A new labelling project for manufacturers has been unveiled by Fairtrade International.
Under the Fairtrade Sourcing scheme, companies will be able to display the organisation's logo on products where a single ingredient meets its criteria.
Previous Fairtrade International rules have stipulated that all components of items carrying the badge must be purchased on Fairtrade terms.
Commenting on the programme, president of the Fairtrade Africa Cocoa Network Fortin Bley stated: “This is the breakthrough we have been looking for. The farmers I represent in Africa have been looking to sell more cocoa as Fairtrade for a long time."
The new labels differ from the original Fairtrade Mark, which is reserved for products that are wholly Fairtrade.
As part of the new commodity-based sourcing system, labels will have a white background and will feature details of the Fairtrade commodity used, with farmers in the Dominican Republic, Ghana, the Ivory Coast and Peru all benefiting from the scheme.

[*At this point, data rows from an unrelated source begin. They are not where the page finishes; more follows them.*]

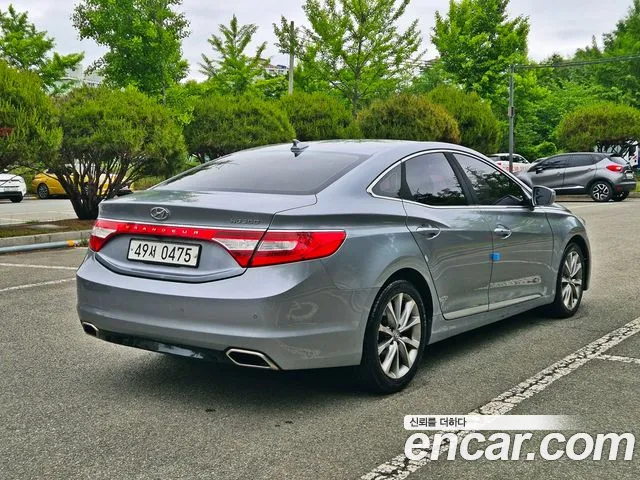 Hyundai Grandeur 2016 thumb 3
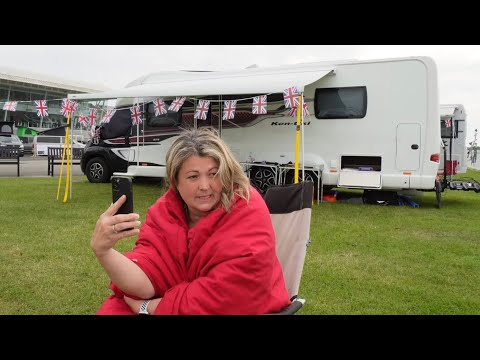 SECRETS & LIES at the Overland Show!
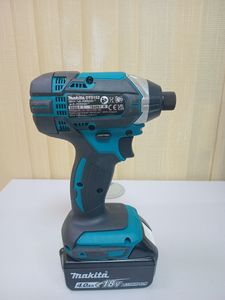 Б/в Гайковерт Makita dtd152 1акб 4ah зп 01-200891930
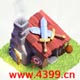 部落冲突3级建筑大师训练营
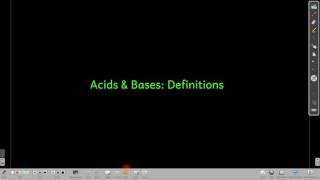 Chem102AcidsandBasesDefinitions [upl. by Atwater]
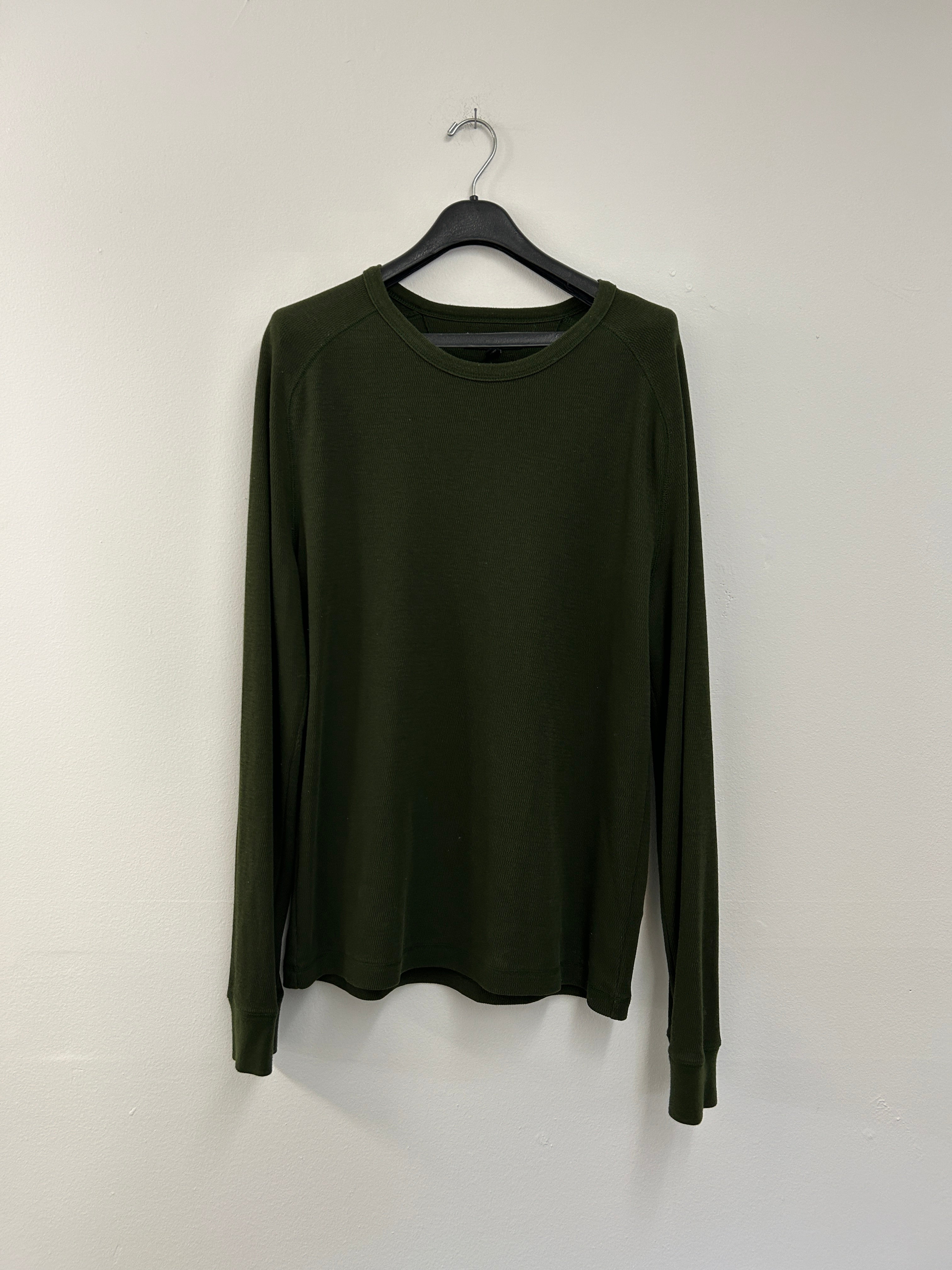 Dark Green Sweater – Banana Republic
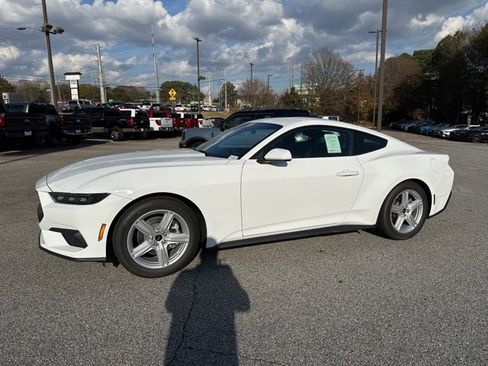 New 2026 Ford Mustang Coupe image 6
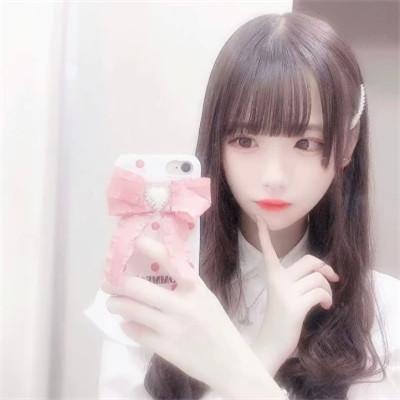 青春靓丽的女生头像图片大全48张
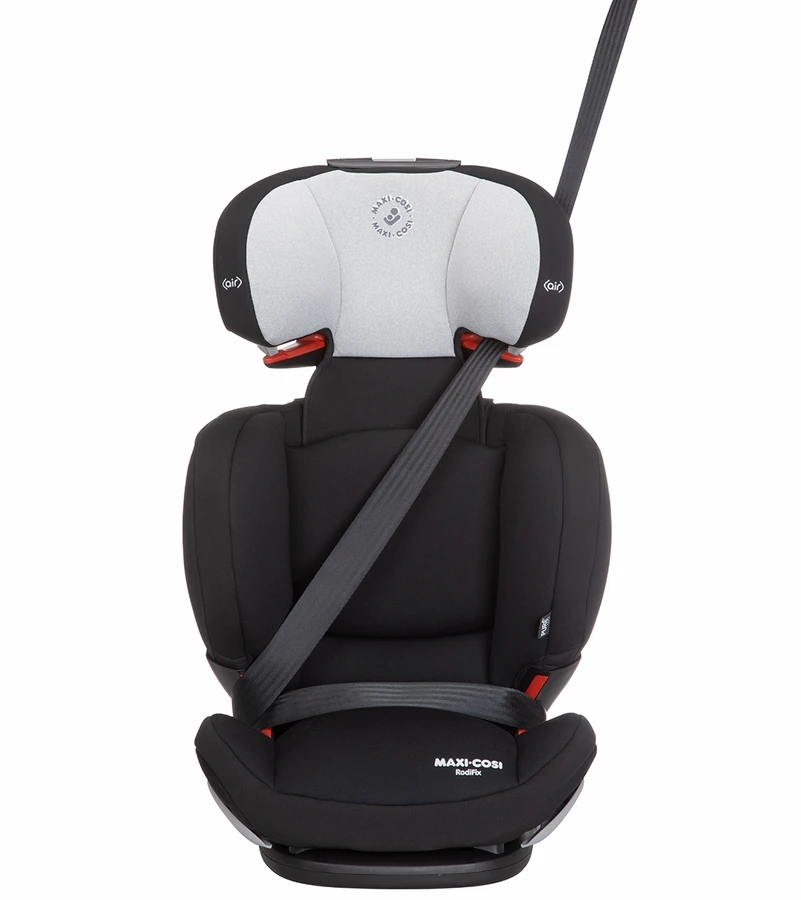 Maxi-Cosi RodiFix Belt Positioning Booster Car Seat - Essential Black 6 Maxi-Cosi RodiFix Belt Positioning Booster Car Seat - Essential Black - Image 6
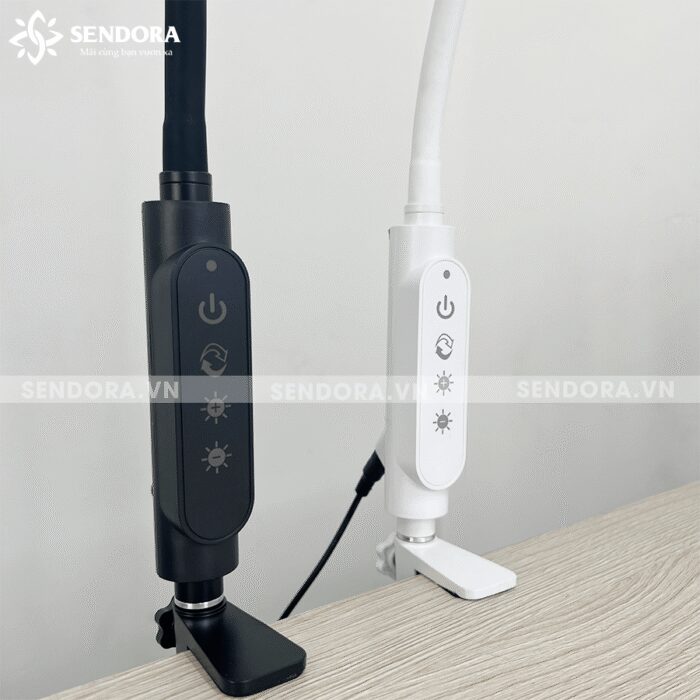 Đèn LED dài kẹp bàn Nail - Spa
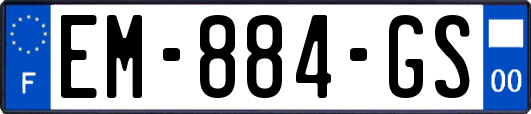 EM-884-GS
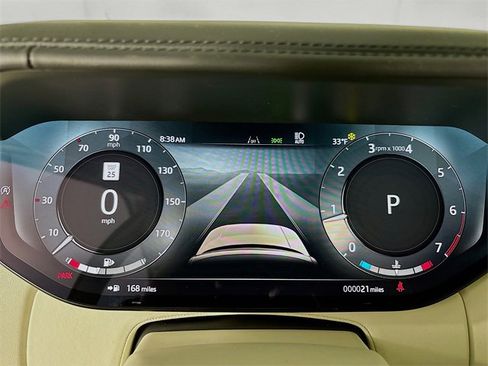 New 2026 Land Rover Range Rover SE image 13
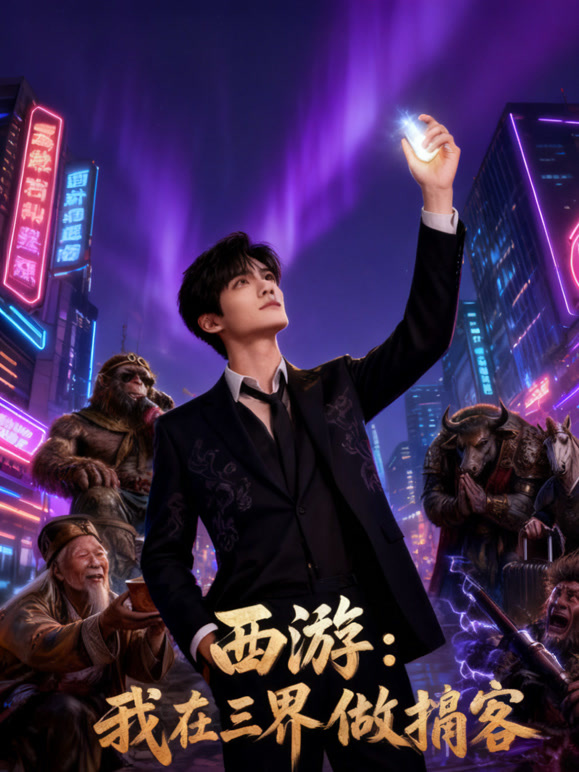 西游：我在三界做掮客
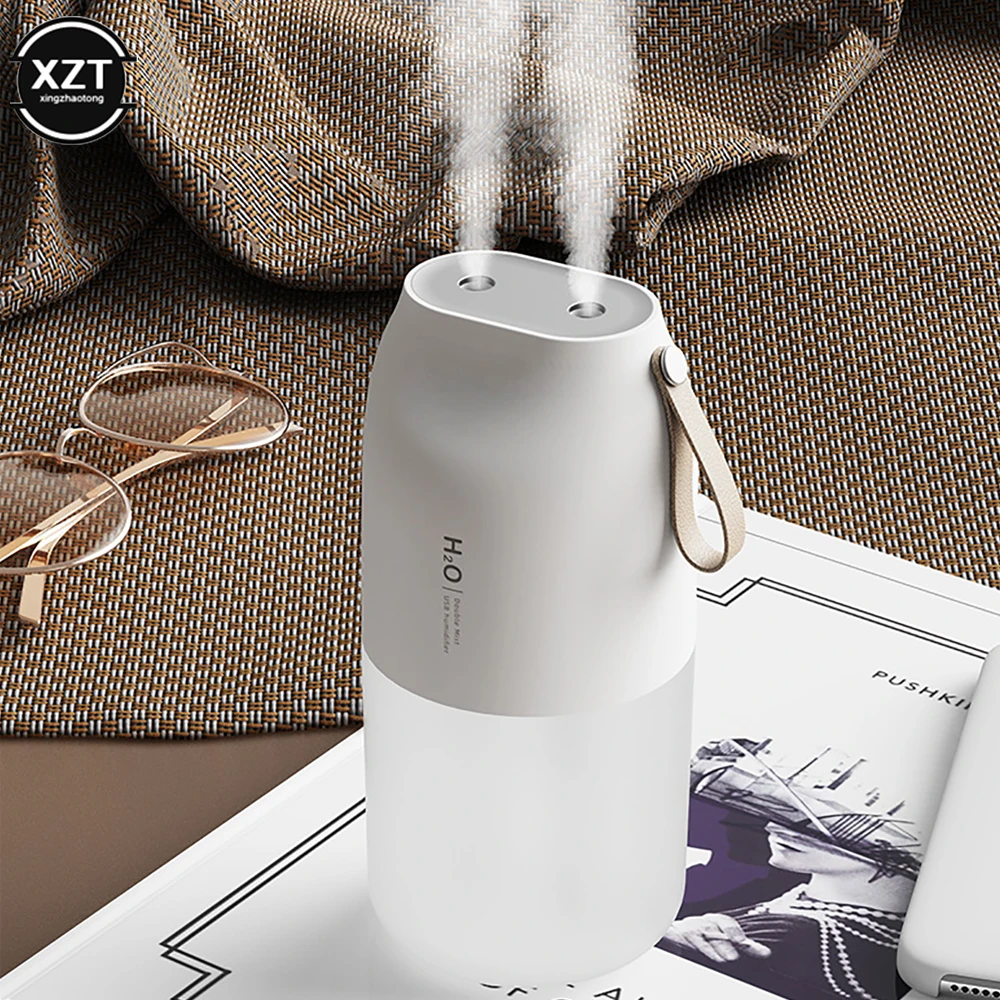 Aroma Diffuser 2000mah Battery Rechargeable Double Nozzle Es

Products in the UK that are expected to feature the new labels in 2014 include items featuring Fairtrade cotton, while cocoa and sugar products are planned to be added to the scheme next year.
The new Fairtrade Sourcing Programs labelling is aimed at encouraging more manufacturers to incorporate Fairtrade ingredients, such as cotton, sugar and cocoa, in their products in order to boost sales worldwide of Fairtrade goods and generate bigger commitments to producers.
A total of nine companies globally have committed to the new approach to date, including retailers Co-op and Aeon, and manufacturer Mars, with many setting multi-year growth targets for using Fairtrade.
The initial pledges are expected to generate an extra $1.2 million for cocoa farmers by the end of 2014 and have been hailed as a "flying start" by Fairtrade International's chief executive Harriet Lamb.
British sales of Fairtrade products were up by 14 per cent year-on-year in 2013, reaching £1.78 billion, with the UK's Fairtrade Foundation recently celebrating Fairtrade Fortnight to mark 20 years since the first products carrying the label appeared in the country.
The UK-based body has launched a Make Bananas Fair campaign, with producers touring Britain to discuss the benefits of the labelling system, which helps to lift people out of poverty across the globe by ensuring farmers receive a fair price for their produce.